We are never quite ready for it: the phone rings and we find out that someone has died. Whether the person was dear to us or to someone we know well, we probably aren’t very well prepared to deal with the situation.
Sadly, day-to-day life doesn’t teach people what to do when a loved one dies. Yet how we react to the death of someone close to us or console someone who has lost a friend or a relative can go a long way in bringing comfort and closure. In either situation, there are things that can help.
Life and Death
Death is a part of life, and this needs to be recognized and accepted. Dealing with it is nevertheless harder than most people imagine. More than a few have done everything possible to cheat death or prolong a suffering life because they haven’t prepared themselves for the reality that this life will come to an end.

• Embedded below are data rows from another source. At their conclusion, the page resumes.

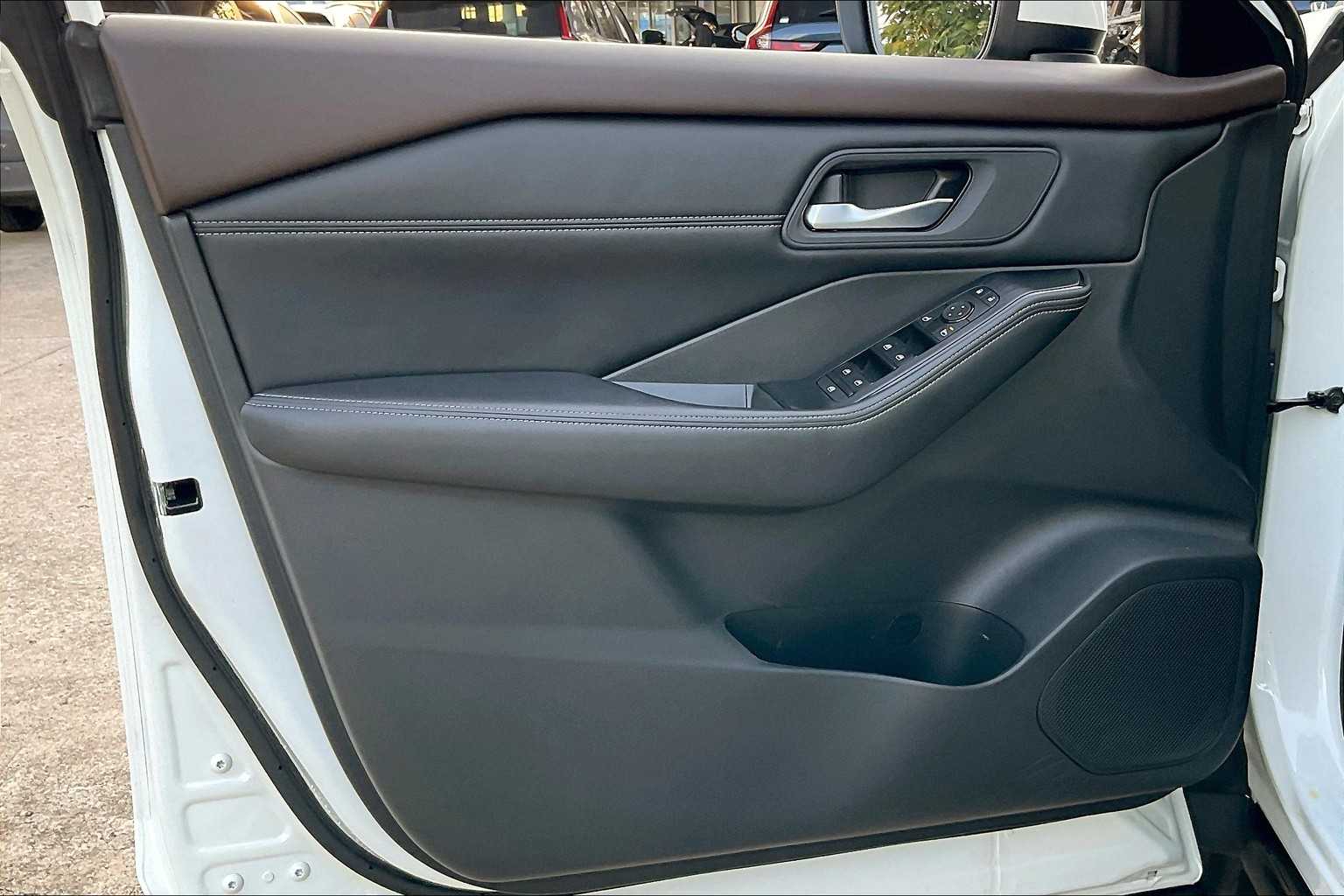 2022 Nissan Rogue SV photo 19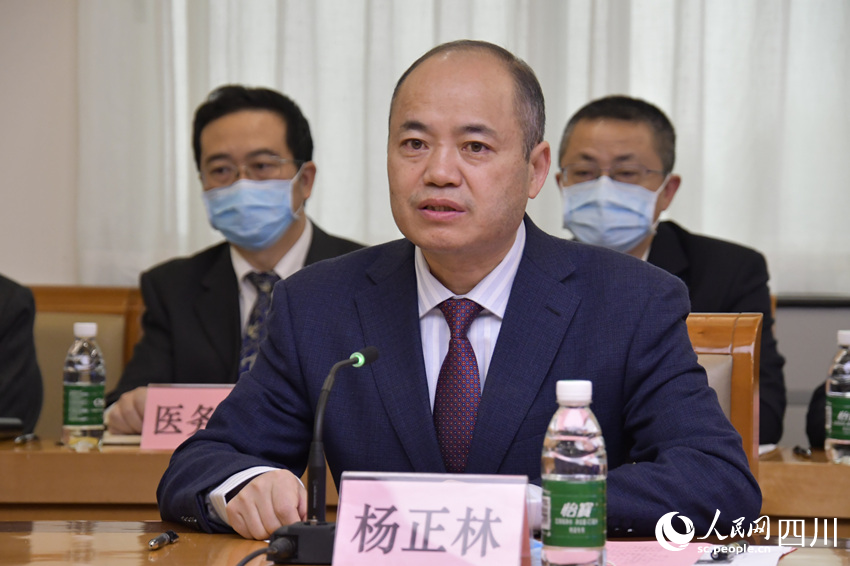 中国科学院院士、四川省人民医院院长杨正林正在介绍医院这几年的发展情况。人民网 王洪江摄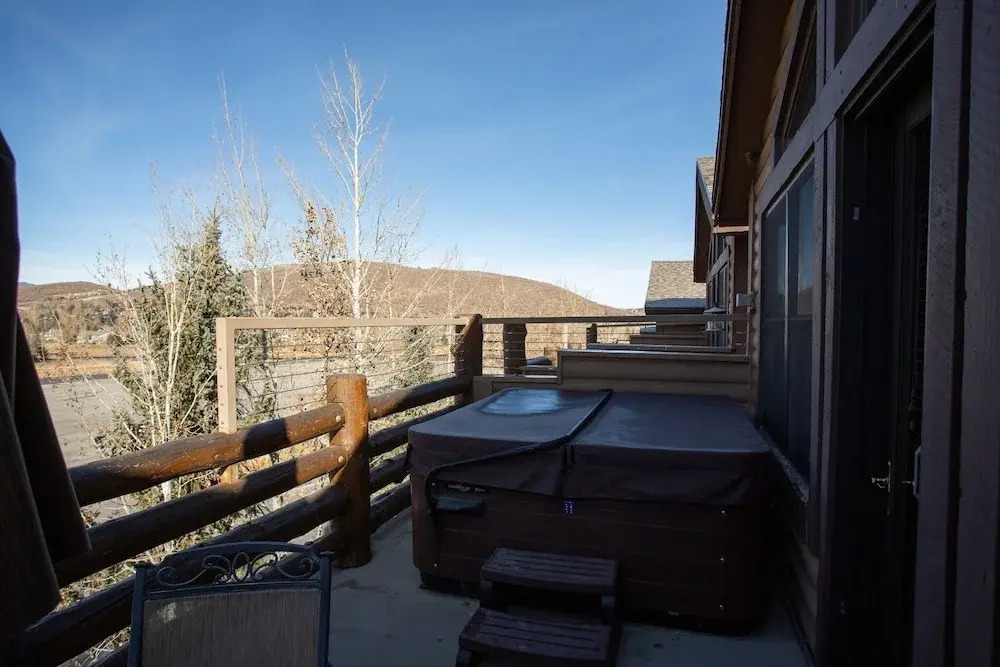 Comstock Lodge - Two Bedroom Condo with Hot Tub #306 2 Condo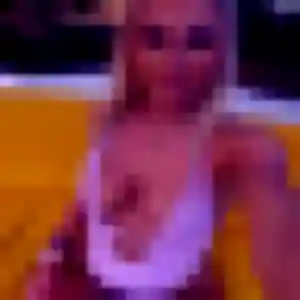Elena (26 ans) à Mousseaux-lès-Bray cherche un plan cul aujourd'hui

But even if people have it settled in their minds that death is inevitable, they probably don’t realize when they lose someone how long their road to recovery will be. In the introduction to her book I’m Grieving As Fast As I Can, Linda Feinberg cites the example of a grieving man who said, “I knew when my wife died that there would be many humps to climb over. I just didn’t know there would be so many bumps in the humps.”
Feinberg remarks, “There are many ironies when somebody dies.” First of all, “the person you need most to help you through this experience is the person who just died.” To make matters worse, a grieving person can feel that the things they valued while their loved one was alive no longer make sense. The activities that had meaning were built around the person who is now gone. Those left behind may therefore feel helpless to find continued meaning in their lives.
This can be particularly true for children. Children cannot articulate their emotions as well as adults can, and with silence comes the misunderstanding that everything is all right—that the child is coping well with his or her grief. Many children grieve in silence, waiting to be understood. In the meantime, the traditions and security that framed their life lie buried with the person they lost.
“All too often,” writes grief counselor Helen Fitzgerald, “their surviving parents, preoccupied with their own grief but thinking they are doing the right thing, hide their true feelings, tell their children little or nothing about what has happened, leave them out of all serious family discussions, send them away at the time of the funeral, and somehow manage to ignore their children’s need to grieve the losses that have so drastically altered their lives” (The Grieving Child, 1992).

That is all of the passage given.